As a scholar, teacher, and author, Sadat has contributed to the establishment and study of the International Criminal Court (ICC). She was a delegate to the U.N. Preparatory Committee and to the 1998 Diplomatic Conference in Rome which established the ICC, represented the government of Timor-Leste at the 8th Session of the Assembly of States Parties to the Rome Statute of the ICC, and served as a delegate for the International Law Association, American Branch at the 2010 ICC Review Conference in Kampala, Uganda.

Sadat is known for her work in Public International Law and human rights. More recently, she has been invited to write on topics ranging from the U.S. use of drones, the legal categorization of the conflict in Syria, the U.S. war on terror and its classification of others as "unlawful enemy combatants"
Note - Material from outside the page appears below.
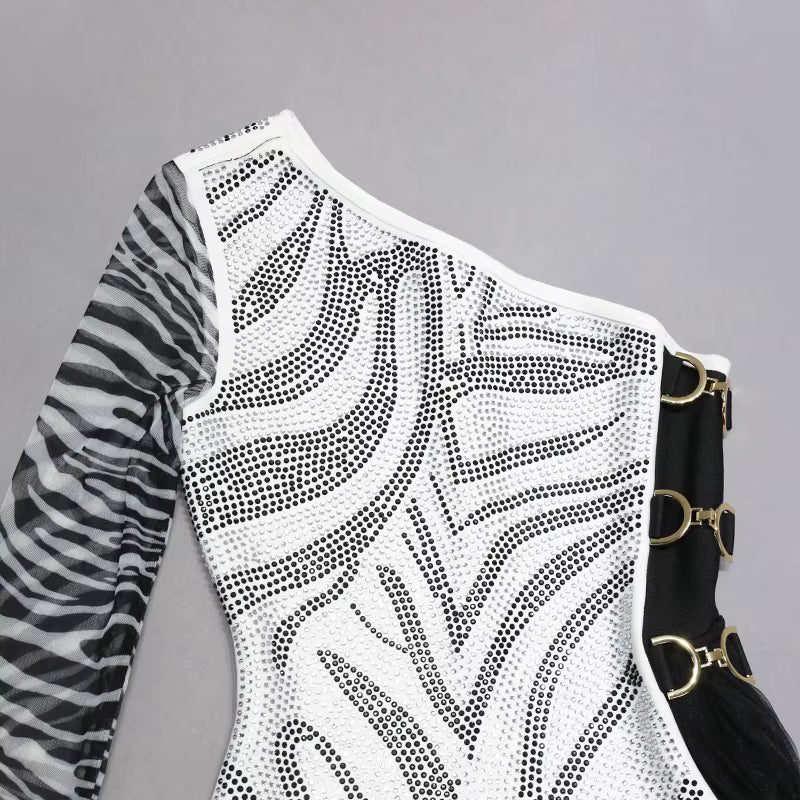 Rhinestone Zebra Print Mesh Mini Dress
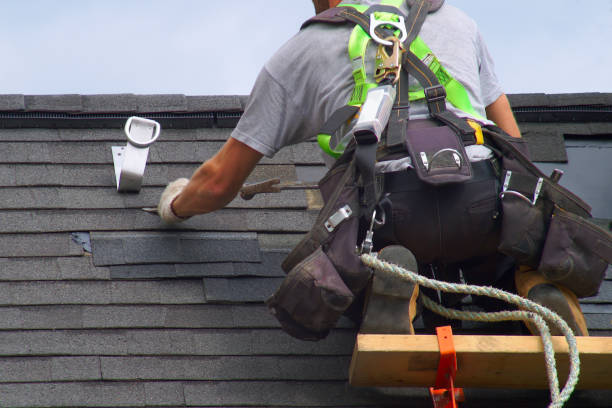 Best Roof Gutter Cleaning  in Stanberry, MO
From 2001-2003 she served as a Commissioner on the U.S. Commission on International Religious Freedom. She was nominated by then Minority Leader Richard A. Gephardt and appointed by Congress. The 9-member Commission was established by the International Religious Freedom Act of 1998 to advise the President and the Department of State on Issues of International Religious Freedom, both generally and with regard to particular countries.
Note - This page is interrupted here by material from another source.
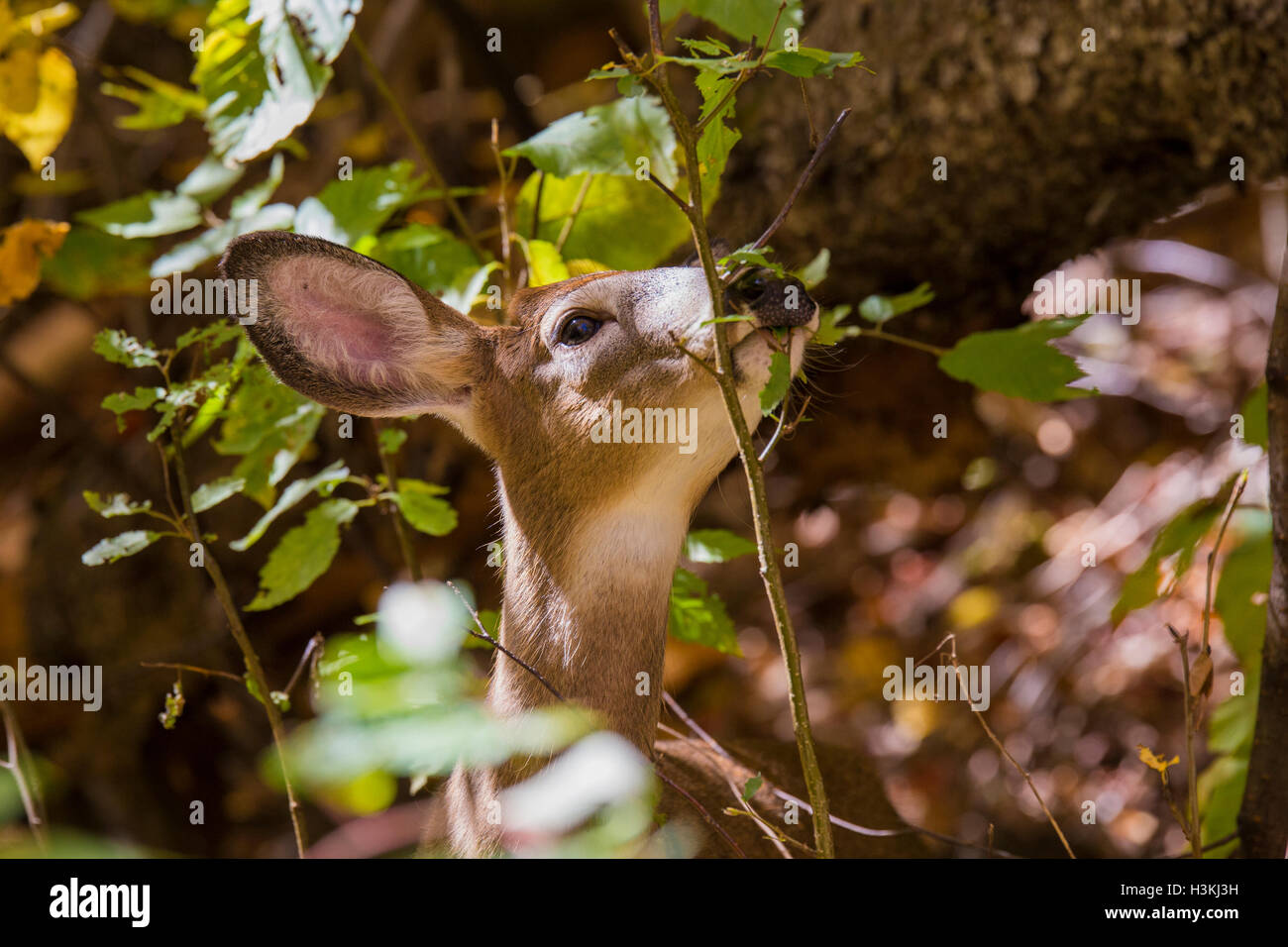 La mattina presto culbianco Cervo femmina (Odocoileus virginianus) nella foresta di autunno Foto Stock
Sadat currently serves as Vice-President of the International Law Association(American Branch) and the International Association of Penal Law(AIDP), and is a member of the American Law Institute. She has also served as a member of the Executive Council, Executive Committee, Program Committee and Awards Committee for the American Society of International Law and is the Book Review Editor for the American Journal of Comparative Law.
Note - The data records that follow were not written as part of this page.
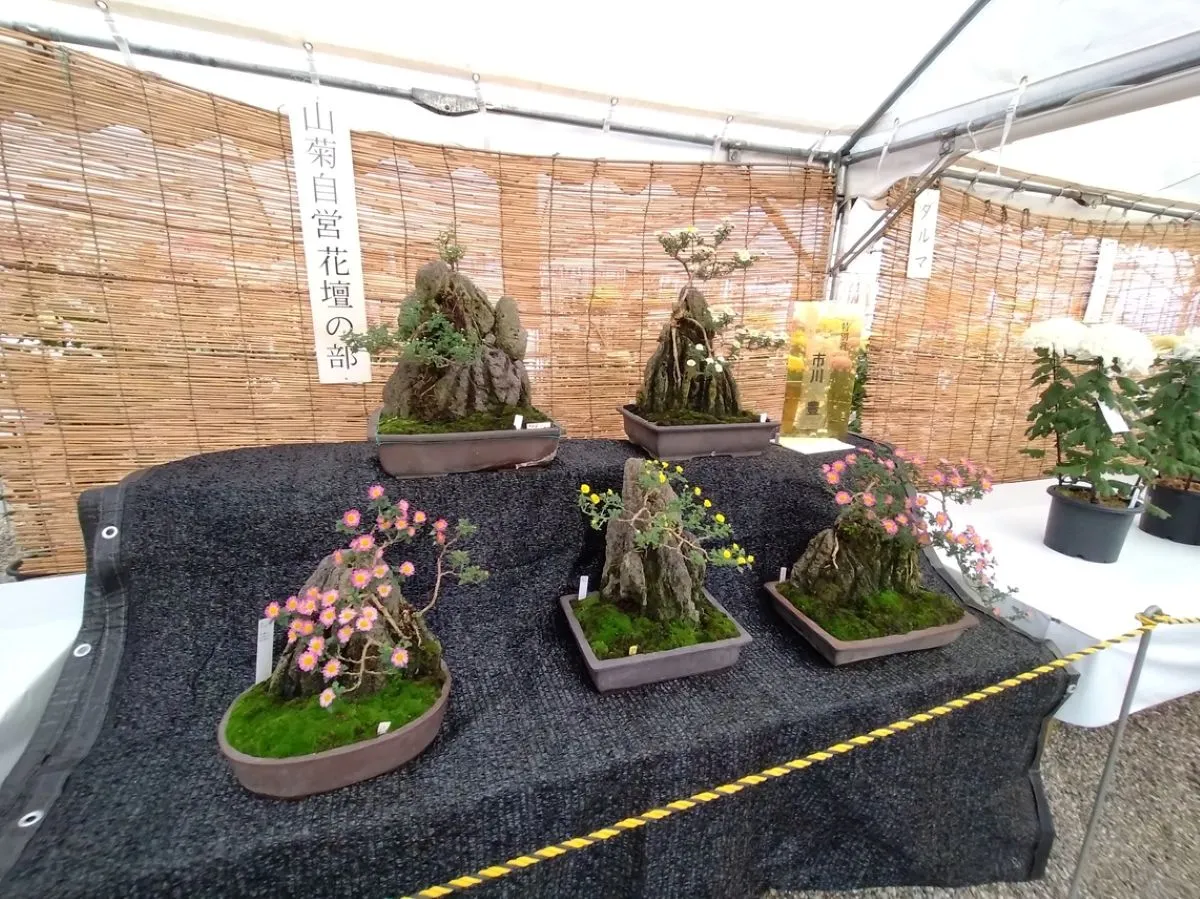 日進市菊花大会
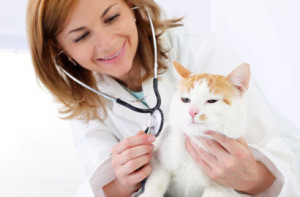 chat-veterinaire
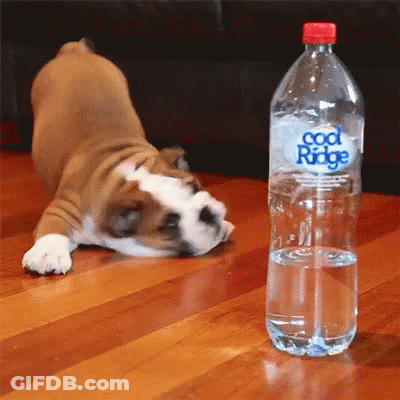 Brown And White Dog Laying Next To Cool Ridge Water GIF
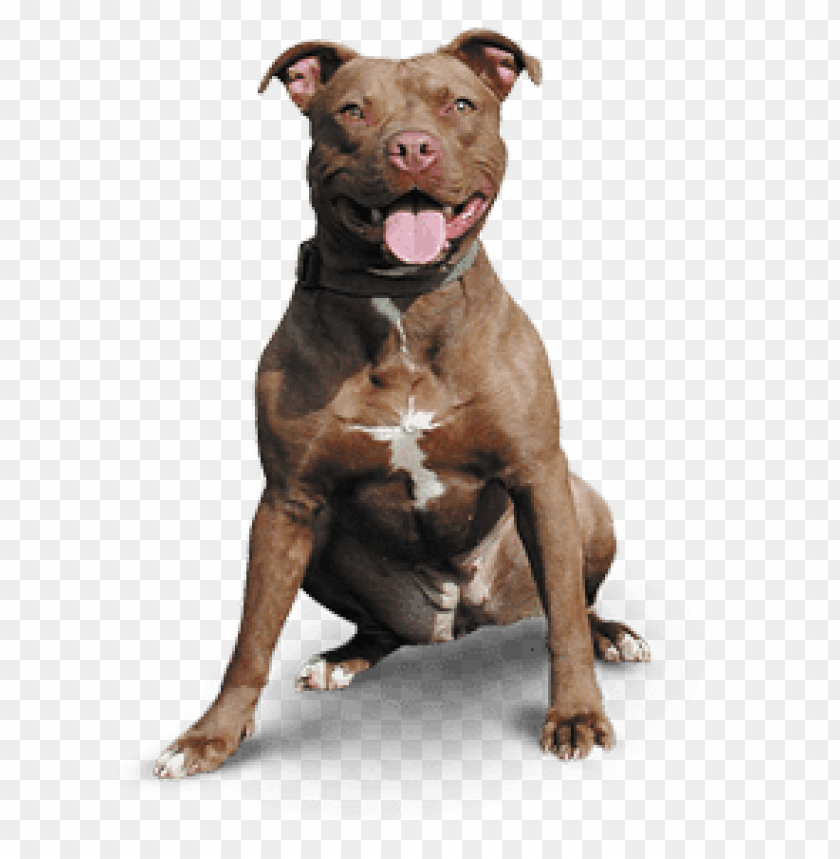 animals, dogs, pitbull happy, 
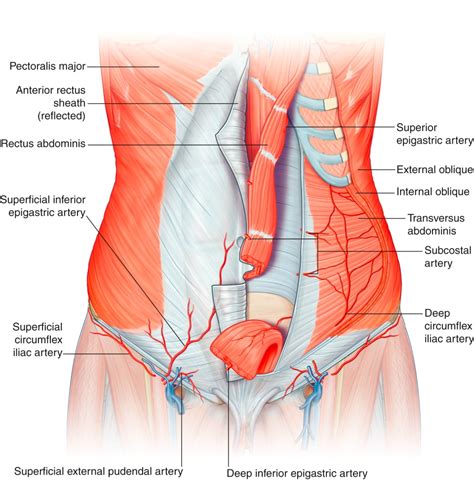 Abdominal Wall Reconstruction | Plastic Surgery Key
Prior to entering law teaching, Sadat practiced law for five years in Paris, France, and clerked for Judge Albert Tate, Jr. in the U.S. 5th Circuit Court of Appeals. She was also a stagiaire at the Cour de Cassation and Conseil d’Etat.

Sadat has published more than 75 articles and books. She also has written many op-eds and is a regular contributor on ASIL Blog and Intlawgrrls Blog. She also authors the blog Windows on the World and contributes to the blog Lex lata, lex ferenda.

Work on Crimes Against Humanity

Sadat is widely considered one of the leading international legal experts' on crimes against humanity. Her first peer-review paper, which determined if she would get tenure, has become the definitive source on the case of Paul Touvier, a Nazi collaborator in Occupied France during World War II who, in 1994, became the first Frenchman to be convicted of crimes against humanity. She is the Chairwoman of the Steering Committee of The Crimes Against Humanity Initiative, the first concerted effort to address the gap that exists in international criminal law by enumerating a comprehensive international convention on crimes against humanity. In this role she spearheaded the drafting of the Proposed International Convention on the Prevention and Punishment of Crimes Against Humanity as her role as director of the Crimes Against Humanity Initiative.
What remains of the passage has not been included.